Data for review
[Start of Attachment]
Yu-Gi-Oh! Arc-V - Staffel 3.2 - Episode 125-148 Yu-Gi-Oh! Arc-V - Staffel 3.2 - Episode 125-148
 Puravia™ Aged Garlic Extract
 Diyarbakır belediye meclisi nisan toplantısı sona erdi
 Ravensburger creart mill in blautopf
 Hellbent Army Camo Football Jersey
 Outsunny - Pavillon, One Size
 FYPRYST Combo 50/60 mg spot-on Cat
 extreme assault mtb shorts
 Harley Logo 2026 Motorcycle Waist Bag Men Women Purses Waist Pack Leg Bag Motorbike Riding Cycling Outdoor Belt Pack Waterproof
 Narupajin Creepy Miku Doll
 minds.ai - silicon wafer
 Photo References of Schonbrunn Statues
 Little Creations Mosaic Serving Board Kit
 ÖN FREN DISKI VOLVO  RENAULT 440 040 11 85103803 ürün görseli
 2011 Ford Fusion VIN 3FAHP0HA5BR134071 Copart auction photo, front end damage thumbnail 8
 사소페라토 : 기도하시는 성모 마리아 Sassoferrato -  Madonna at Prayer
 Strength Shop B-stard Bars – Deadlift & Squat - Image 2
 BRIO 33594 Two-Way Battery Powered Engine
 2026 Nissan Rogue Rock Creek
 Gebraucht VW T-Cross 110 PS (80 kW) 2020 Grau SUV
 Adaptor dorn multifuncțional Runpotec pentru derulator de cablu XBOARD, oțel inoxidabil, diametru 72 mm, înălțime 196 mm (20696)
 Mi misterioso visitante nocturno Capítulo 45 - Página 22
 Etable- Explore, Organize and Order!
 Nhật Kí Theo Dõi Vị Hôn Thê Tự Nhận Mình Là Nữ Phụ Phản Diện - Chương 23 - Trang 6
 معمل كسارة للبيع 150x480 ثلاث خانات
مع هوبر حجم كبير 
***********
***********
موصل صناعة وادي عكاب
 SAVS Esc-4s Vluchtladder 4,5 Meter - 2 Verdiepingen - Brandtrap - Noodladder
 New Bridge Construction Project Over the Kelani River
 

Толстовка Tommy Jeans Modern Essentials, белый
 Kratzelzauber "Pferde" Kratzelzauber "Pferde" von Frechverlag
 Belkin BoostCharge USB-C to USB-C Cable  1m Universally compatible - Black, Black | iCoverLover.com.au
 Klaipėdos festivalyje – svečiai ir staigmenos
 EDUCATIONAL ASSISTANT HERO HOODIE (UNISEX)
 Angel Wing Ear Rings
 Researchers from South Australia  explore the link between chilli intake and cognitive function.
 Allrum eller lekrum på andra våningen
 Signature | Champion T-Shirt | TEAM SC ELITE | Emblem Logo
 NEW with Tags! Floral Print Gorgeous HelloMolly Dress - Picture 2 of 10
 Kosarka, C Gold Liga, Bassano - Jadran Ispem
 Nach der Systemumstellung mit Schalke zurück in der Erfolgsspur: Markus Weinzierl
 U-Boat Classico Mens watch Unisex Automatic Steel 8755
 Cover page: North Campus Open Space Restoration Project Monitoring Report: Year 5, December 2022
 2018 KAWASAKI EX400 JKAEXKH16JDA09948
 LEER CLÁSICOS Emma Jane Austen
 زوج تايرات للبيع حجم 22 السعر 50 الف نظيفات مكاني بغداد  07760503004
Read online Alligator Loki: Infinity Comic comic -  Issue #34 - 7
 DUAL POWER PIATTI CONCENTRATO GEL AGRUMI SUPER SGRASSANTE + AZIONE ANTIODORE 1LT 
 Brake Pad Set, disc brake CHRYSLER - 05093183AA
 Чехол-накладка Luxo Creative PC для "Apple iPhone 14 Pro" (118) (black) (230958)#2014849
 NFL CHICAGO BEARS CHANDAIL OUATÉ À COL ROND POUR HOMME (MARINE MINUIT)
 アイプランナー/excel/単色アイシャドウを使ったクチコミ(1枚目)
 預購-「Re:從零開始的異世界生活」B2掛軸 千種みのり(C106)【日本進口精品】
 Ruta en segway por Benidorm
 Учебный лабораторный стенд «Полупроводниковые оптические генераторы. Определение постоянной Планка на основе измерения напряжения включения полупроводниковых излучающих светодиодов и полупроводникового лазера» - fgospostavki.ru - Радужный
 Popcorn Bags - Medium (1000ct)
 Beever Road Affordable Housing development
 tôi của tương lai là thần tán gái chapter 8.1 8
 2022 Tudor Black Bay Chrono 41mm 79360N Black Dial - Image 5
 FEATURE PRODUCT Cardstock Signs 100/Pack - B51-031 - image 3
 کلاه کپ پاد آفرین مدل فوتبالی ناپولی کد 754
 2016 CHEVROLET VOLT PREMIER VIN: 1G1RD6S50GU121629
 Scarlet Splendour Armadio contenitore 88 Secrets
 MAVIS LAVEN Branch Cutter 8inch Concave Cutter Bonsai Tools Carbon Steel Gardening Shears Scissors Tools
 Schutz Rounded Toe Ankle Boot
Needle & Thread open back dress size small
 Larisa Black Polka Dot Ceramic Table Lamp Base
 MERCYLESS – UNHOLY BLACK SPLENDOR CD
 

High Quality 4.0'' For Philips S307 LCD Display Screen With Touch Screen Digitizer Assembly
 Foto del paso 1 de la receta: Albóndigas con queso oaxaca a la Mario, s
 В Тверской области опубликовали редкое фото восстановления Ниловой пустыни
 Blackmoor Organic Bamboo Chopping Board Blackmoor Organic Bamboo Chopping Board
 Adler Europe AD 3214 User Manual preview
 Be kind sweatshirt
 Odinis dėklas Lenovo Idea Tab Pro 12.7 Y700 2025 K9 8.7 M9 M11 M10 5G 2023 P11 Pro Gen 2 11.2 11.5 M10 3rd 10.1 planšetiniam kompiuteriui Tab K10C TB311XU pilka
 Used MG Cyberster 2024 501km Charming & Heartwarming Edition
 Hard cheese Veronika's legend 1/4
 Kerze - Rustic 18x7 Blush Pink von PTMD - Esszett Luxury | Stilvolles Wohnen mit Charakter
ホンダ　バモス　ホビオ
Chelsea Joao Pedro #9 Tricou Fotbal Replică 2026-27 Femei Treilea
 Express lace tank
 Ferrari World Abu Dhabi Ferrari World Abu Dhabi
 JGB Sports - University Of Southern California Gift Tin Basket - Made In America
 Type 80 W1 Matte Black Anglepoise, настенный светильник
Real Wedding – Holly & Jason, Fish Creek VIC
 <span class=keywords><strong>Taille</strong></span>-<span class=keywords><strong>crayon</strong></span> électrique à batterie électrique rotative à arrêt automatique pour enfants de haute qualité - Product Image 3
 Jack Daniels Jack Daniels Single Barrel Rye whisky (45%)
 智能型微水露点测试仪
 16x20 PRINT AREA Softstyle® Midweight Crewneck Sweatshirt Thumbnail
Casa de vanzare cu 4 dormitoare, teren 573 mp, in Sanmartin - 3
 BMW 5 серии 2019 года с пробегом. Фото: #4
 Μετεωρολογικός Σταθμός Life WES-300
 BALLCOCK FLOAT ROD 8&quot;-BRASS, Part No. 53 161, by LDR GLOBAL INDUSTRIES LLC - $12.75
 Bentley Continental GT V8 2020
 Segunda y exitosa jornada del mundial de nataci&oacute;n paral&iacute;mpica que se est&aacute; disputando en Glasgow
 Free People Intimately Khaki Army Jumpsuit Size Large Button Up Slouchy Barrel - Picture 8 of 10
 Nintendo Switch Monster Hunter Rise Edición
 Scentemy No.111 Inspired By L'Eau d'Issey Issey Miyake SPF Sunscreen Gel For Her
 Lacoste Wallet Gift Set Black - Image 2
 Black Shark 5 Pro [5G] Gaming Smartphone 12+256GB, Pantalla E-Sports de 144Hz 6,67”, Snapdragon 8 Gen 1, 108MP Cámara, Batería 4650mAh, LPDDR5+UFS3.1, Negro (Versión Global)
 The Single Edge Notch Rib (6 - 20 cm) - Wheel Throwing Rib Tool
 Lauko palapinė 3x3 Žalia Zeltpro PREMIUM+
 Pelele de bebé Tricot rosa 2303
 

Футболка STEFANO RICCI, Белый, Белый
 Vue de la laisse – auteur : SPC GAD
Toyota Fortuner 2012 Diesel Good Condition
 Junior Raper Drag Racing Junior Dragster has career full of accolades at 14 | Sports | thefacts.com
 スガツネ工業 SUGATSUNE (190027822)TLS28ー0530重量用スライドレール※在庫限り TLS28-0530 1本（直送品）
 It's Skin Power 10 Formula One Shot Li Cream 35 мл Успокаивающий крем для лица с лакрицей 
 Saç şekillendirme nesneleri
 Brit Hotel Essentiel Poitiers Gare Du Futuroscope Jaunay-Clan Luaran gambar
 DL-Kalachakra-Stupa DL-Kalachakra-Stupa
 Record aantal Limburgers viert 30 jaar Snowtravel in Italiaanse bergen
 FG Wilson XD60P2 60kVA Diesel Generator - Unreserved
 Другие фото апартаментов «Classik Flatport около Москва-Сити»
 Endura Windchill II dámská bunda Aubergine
[End of Attachment]
What is required
Only one stretch of the data above is needed. Restate it word for word, from the line containing "Puravia™ Aged Garlic Extract" through the line containing "Adaptor dorn multifuncțional", both ends included.

Answer section
 Puravia™ Aged Garlic Extract
 Diyarbakır belediye meclisi nisan toplantısı sona erdi
 Ravensburger creart mill in blautopf
 Hellbent Army Camo Football Jersey
 Outsunny - Pavillon, One Size
 FYPRYST Combo 50/60 mg spot-on Cat
 extreme assault mtb shorts
 Harley Logo 2026 Motorcycle Waist Bag Men Women Purses Waist Pack Leg Bag Motorbike Riding Cycling Outdoor Belt Pack Waterproof
 Narupajin Creepy Miku Doll
 minds.ai - silicon wafer
 Photo References of Schonbrunn Statues
 Little Creations Mosaic Serving Board Kit
 ÖN FREN DISKI VOLVO  RENAULT 440 040 11 85103803 ürün görseli
 2011 Ford Fusion VIN 3FAHP0HA5BR134071 Copart auction photo, front end damage thumbnail 8
 사소페라토 : 기도하시는 성모 마리아 Sassoferrato -  Madonna at Prayer
 Strength Shop B-stard Bars – Deadlift & Squat - Image 2
 BRIO 33594 Two-Way Battery Powered Engine
 2026 Nissan Rogue Rock Creek
 Gebraucht VW T-Cross 110 PS (80 kW) 2020 Grau SUV
 Adaptor dorn multifuncțional Runpotec pentru derulator de cablu XBOARD, oțel inoxidabil, diametru 72 mm, înălțime 196 mm (20696)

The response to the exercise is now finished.